## INSTRUCTIONS FOR THE TASK:
Whatever appears in the records, retype it exactly, except for the pictures.

## THE DATA:

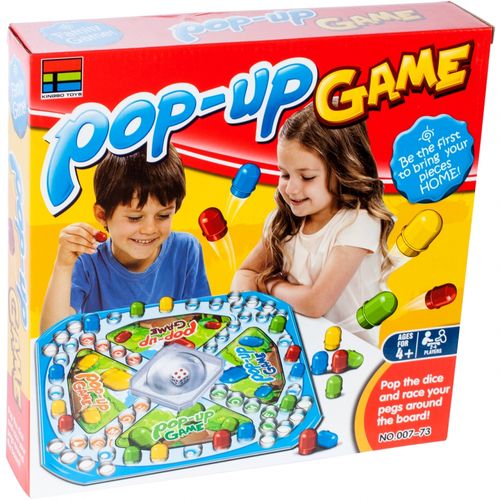 Gra Rodzinna Planszowa Chińczyk Pop Up na Arena.pl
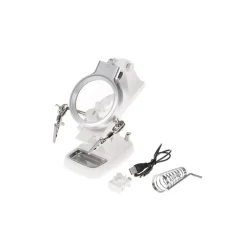 LENTE INGRANDIMENTO PINZE DA TAVOLO LUCE LED RIPARAZIONI SALDATURE ORIENTABILE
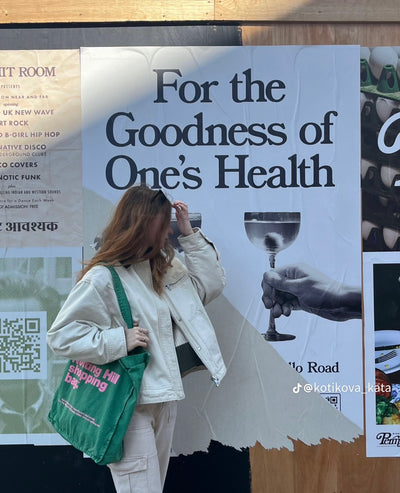 Hand Dye Collection | Green With Pink Logo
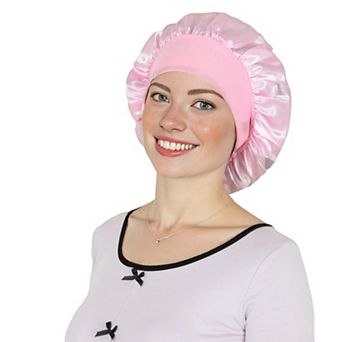 Women's Satin Sleep Bonnet Elasticity Wide Band Silky Hair Protection for Curly and Natural Hair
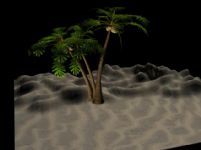 椰岛,小岛,椰树,椰子3D模型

## TASK SOLUTION:
 Gra Rodzinna Planszowa Chińczyk Pop Up na Arena.pl
 LENTE INGRANDIMENTO PINZE DA TAVOLO LUCE LED RIPARAZIONI SALDATURE ORIENTABILE
 Hand Dye Collection | Green With Pink Logo
 Women's Satin Sleep Bonnet Elasticity Wide Band Silky Hair Protection for Curly and Natural Hair
 椰岛,小岛,椰树,椰子3D模型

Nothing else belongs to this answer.